Power dressing could take on a whole new meaning thanks to new yarns that produce an electrical current when stretched or twisted.
The carbon nanotube “twistron” threads can be woven into clothing to generate electricity from human movement, say scientists.
Other applications include tapping energy from the motion of ocean waves or temperature fluctuations.
Dr Ray Baughman, director of the University of Texas NanoTech Institute in Dallas, US, where the yarns were developed, said: “Electronic textiles are of major commercial interest, but how are you going to power them? Harvesting electrical energy from human motion is one strategy for eliminating the need for batteries.”
In laboratory tests, the scientists showed that a twistron yarn weighing less than a housefly could power a small LED, which lit up each time the thread was stretched.
When twistrons were sewn into a shirt, normal breathing by the wearer produced an electric signal.
Another proof-of-concept demonstration conducted on a South Korean beach involved attaching a 10cm (4in) piece of yarn between a floating balloon and a sinker on the sea bed.
With each incoming wave, the balloon rose and stretched the yarn up to 25% to generate electricity.
Dr Baughman said: “If our twistron harvesters could be made less expensively, they might ultimately be able to harvest the enormous amount of energy available from ocean waves. However, at present these harvesters are most suitable for powering sensors and sensor communications.”

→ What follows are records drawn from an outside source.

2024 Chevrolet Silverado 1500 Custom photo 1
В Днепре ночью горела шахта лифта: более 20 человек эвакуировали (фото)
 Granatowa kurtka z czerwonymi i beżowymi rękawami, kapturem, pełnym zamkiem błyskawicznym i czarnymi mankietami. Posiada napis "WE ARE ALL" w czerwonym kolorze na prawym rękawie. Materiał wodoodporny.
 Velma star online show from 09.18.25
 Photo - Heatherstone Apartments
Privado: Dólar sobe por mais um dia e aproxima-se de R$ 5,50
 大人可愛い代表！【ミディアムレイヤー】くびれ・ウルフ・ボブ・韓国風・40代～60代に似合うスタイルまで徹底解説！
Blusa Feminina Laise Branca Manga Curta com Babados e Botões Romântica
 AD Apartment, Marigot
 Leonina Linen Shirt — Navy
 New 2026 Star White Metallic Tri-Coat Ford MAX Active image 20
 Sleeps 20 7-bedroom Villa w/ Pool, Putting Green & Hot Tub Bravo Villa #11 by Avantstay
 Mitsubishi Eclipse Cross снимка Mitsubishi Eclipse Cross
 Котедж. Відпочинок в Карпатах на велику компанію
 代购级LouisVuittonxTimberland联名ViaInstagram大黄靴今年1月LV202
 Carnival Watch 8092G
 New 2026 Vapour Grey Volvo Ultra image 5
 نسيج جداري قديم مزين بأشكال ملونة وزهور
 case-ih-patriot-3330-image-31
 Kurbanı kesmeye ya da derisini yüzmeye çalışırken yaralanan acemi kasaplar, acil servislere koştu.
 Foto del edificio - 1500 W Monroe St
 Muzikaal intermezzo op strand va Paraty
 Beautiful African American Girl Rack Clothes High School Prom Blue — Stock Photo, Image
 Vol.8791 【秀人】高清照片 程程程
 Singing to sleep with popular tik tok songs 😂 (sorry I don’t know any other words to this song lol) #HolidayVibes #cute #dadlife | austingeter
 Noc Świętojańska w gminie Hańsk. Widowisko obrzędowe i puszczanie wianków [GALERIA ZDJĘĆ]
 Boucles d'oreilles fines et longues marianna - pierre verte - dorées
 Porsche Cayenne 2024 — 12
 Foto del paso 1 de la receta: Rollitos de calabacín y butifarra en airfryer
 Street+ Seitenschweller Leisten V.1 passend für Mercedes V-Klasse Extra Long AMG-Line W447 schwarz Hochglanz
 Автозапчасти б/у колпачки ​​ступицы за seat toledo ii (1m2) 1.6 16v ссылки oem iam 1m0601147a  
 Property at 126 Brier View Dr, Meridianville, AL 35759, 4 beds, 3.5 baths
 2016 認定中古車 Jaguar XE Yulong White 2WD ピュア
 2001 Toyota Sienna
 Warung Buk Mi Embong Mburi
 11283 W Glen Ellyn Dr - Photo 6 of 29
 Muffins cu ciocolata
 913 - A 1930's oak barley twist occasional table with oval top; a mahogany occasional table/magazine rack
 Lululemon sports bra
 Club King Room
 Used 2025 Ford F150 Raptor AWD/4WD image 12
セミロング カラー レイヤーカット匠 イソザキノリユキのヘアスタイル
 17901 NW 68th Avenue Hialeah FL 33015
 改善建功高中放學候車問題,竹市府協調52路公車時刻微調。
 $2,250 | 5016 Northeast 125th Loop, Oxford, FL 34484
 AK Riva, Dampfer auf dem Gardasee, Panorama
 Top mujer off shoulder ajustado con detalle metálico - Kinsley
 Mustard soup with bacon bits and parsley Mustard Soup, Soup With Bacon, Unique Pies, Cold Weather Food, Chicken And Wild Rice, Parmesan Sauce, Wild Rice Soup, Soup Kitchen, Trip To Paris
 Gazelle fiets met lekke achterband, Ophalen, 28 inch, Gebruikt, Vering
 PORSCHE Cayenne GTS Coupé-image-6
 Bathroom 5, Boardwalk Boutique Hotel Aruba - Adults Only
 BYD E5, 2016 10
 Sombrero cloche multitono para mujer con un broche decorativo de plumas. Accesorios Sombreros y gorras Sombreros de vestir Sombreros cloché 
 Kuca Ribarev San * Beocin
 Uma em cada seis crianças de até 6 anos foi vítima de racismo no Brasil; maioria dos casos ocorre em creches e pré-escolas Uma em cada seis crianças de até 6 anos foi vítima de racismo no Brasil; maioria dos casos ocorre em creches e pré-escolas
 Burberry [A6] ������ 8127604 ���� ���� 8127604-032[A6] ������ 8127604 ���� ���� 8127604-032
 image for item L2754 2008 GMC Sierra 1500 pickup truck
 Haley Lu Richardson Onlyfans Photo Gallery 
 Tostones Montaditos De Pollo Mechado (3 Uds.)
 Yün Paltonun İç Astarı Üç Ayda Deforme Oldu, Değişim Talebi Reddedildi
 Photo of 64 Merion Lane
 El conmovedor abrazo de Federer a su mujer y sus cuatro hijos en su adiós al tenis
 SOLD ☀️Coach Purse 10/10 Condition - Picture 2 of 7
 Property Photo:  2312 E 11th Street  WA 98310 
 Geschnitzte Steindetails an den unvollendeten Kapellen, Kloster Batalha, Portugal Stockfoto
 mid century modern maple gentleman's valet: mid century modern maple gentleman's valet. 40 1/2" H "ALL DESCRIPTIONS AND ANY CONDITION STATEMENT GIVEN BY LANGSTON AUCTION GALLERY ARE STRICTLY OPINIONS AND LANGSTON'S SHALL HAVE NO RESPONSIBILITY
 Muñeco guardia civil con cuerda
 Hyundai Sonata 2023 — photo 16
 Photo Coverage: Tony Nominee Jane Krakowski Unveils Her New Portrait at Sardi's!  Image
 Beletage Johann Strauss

Carbon nanotubes are hollow cylinders of carbon 10,000 times thinner than the diameter of a human hair.
To make twistrons, the scientists first spun nanotubes into high-strength lightweight yarns. The elastic yarns acted as “super-capacitors” that stored energy when submerged in an electrically conducting solution, such as water and salt.
Twisting or stretching the yarn causes the stored energy to be released.
The research is published in the journal Science.